Associate Professor Frini Karayanidis $492 500
Leading an international team, Associate Professor Karayanadidis will develop and test an innovative framework to model behaviour, brain function and brain structure to characterise developmental trajectories in young people. Poor cognitive control is linked to negative psychosocial outcomes (eg: substance abuse, and high risk behaviours) and this work is expected to inform evidence-based programmes that identify young people at risk and to develop targeted training strategies to improve psychosocial outcomes.

Professor Robert Melchers $423 000
Under this project, Professor Melchers will lead a national team that will develop mathematical models to understand the short-term and long-term corrosion process in structural steel in marine environments. This will benefit industry who needs such models to manage major infrastructure not protected against corrosion including offshore energy systems, coastal structures and buried pipelines. This also has potential for large foreign exchange earnings.

Professor Paul Dastoor $379 500
This project will use the newly-invented scanning helium atom microscope to determine new fundamental physics to turn the microscope into a tool that materials and biological scientists can use worldwide.

Professor Graeme Murch $309 000
This international team, led by Professor Graeme Murch, aims to understand mass transport in high entropy alloys.
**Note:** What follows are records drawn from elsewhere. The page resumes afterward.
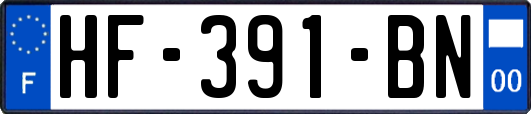 HF-391-BN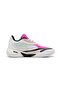 All-Pro Nitro ™   Skybreak Unisex Basketball Shoes - 3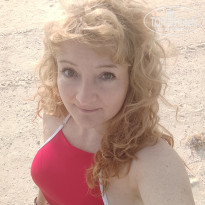 фото из отзыва ID 2739362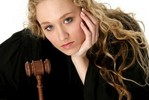 Судьи Кировского округа Омска «утонули» в делах о мелких хищениях после открытия ТЦ «Мега»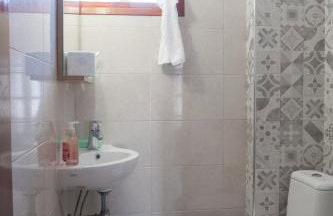 Villa close to the beach - Foto 11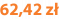 62,42 zł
The outcome of this research will be an in-depth understanding of mass transport that is expected to fast-track these alloys to commercial uptake.
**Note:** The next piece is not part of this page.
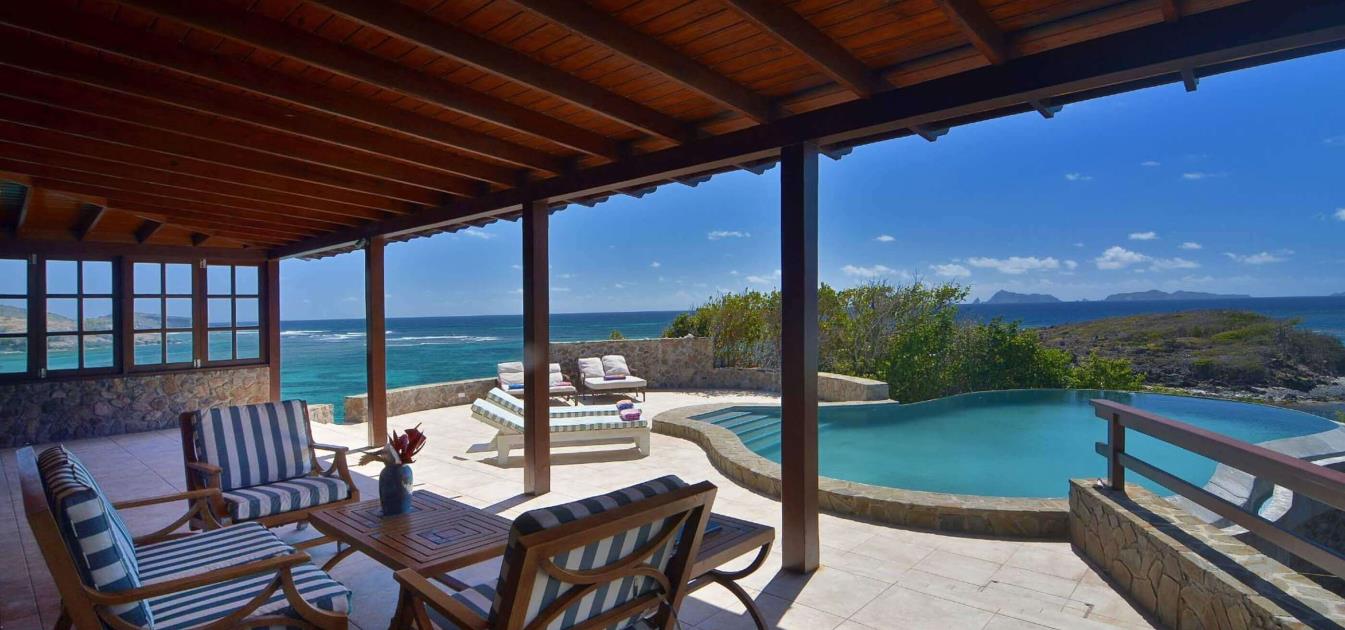vacation-rentals/st-vincent-and-the-grenadines/bequia/crown-point/look-yonder-villas-main-house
Associate Professor Rosalind Smith $116 000
An international team, led by Associate Professor Rosalind Smith, will explore the use of women’s voices in protest in the English Renaissance. The project will explore how the voices of the disempowered shaped the literary and political cultures of modern England and will improve Australia’s standing as a leader in research in early modern studies.

Professor Erica Wanless $235 000
Leading an international team, Professor Wanless will aim to design complex liquid marbles by electrostasis. These particle-liquid aggregates have a large variety of applications, including pollution and gas sensors, actuators, microreactors and drug-delivery vehicles. A diverse range of industries, including pharmaceutical and personal-care industries will benefit from low-energy, high-efficiency production of next-generation complex liquid marbles.
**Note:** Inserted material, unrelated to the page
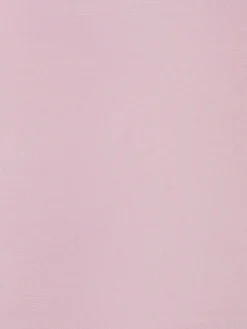 Lot De 2 Paires De Chaussettes Hautes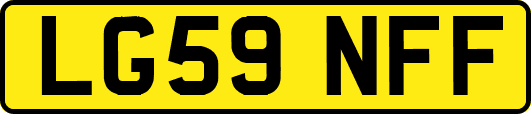 LG59NFF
Associate Professor Christopher Wensrich $381 000
An international team led by Associate Professor Christopher Wensrich aims to improve solid mechanics research and advanced manufacturing techniques. The investigators have developed a tensor reconstruction algorithm, similar to enhanced CT or MRI scan, which can determine the finely-grained three-dimensional triaxial stress distribution inside solid objects by measuring neutron transmission.

Dr Yuen Yong $296 000
This project aims to design a microcantilever with high-performing sensors with greater sensitivity and better noise performance than the typical optical system used in commercial Atomic Force Microscopes (AFMs). The AFM, a nanotechnology instrument, uses a microcantilever to interrogate a sample service. Up until now, the technique’s spatial resolution and quantitative measurements are limited, Dr Yong aims to resolve this issue and establish Australia’s prominence in this emerging field.